I know some man-made fabrics are  translucent/transparent, so it might be best to just choose a light cotton fabric, or try a standard soft box & add a layer of cotton if more diffusion is needed.


----------



## KmH (Sep 27, 2015)

Humans can't see 850 nm IR light.
The OP's need is pretty specialized and I have no idea what material(s) would work.


----------



## JustJazzie (Sep 27, 2015)

KmH said:


> Humans can't see 850 nm IR light.
> The OP's need is pretty specialized and I have no idea what material(s) would work.


I can see by your response I must have misunderstood the original question!


----------



## petrochemist (Sep 27, 2015)

KmH said:


> Humans can't see 850 nm IR light.
> The OP's need is pretty specialized and I have no idea what material(s) would work.

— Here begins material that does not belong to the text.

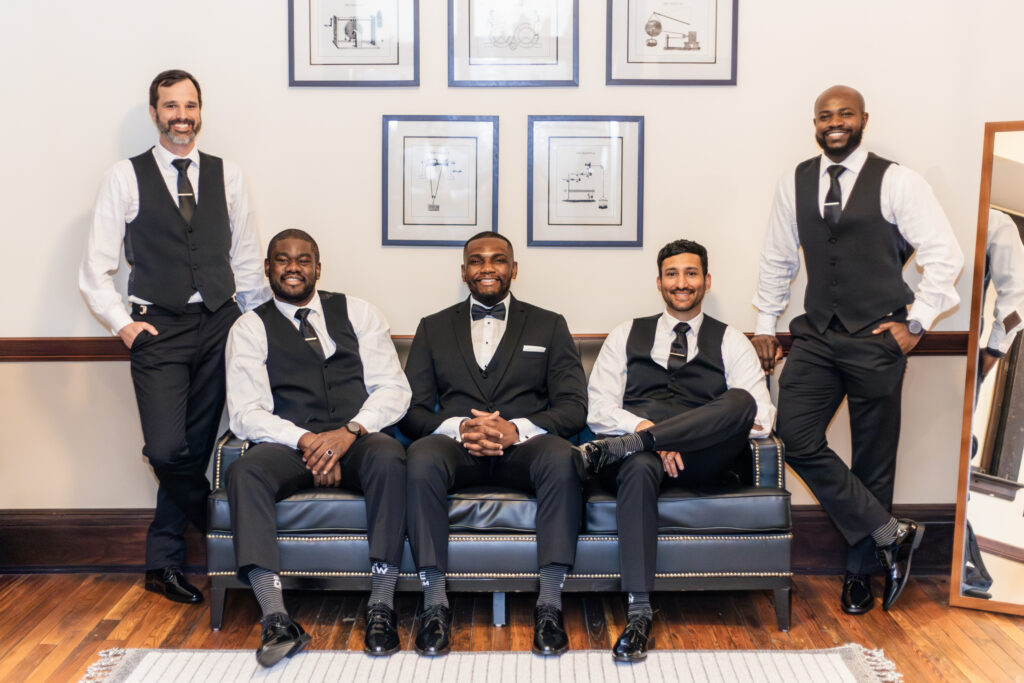groom and groomsmen smile in the lounge of the stockroom at 230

Not anywhere near as specialized as you might think. IR photography is becoming relatively commonplace. At least 10% of the members of our local photo workshop have tried IR photography before joining. Two of us regularly use converted cameras, and several others are considering getting a conversion done.
Although I don't have a softbox I believe they are also relatively well known among photography enthusiasts.


----------



## -Photographer- (Sep 27, 2015)

Thanks, I just wanted to know what material would be best to diffuse the ir as much as possible.

So I would have lots of 5mm ir leds behind and I would like it to turn a series of spot sources into a fairly even large rectangle emitter that glows in nir.

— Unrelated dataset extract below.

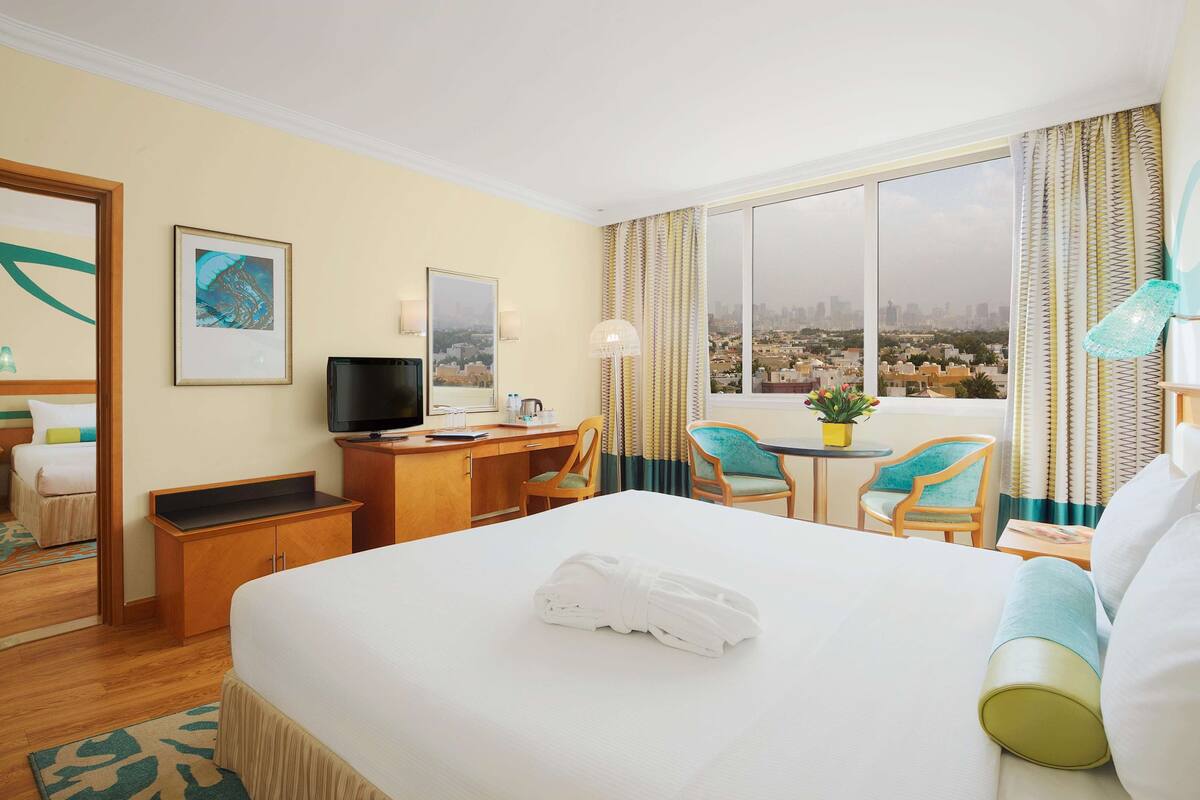 A hotel room with a bed, a desk, a TV, a chair, a small table, and a window with a city view.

Has anyone tested common materials viewing in the nir range?


----------



## petrochemist (Sep 28, 2015)

I've just had a reply from someone who regularly shoots IR with modifiers. He's never had any issues with just the standard kit. See here


----------



## -Photographer- (Sep 29, 2015)

Ok sounds good, do you know if it was still a bit spotty or even?


----------



## f2bthere (Oct 3, 2015)

There is a simple way to test this. Put your light behind the material in question, pointed straight at your lens on your IR sensitive camera. Take a picture. Adjust till you get a middle gray exposure of the material and it should be pretty obvious if you are getting relatively even diffusion of your light source or not. 

If you take your light source with you to a fabric store, you could even test before you buy.


----------



## -Photographer- (Oct 3, 2015)

Thanks, that's what I've been doing, but before I buy materials to test I was just wondering what other people found best.


----------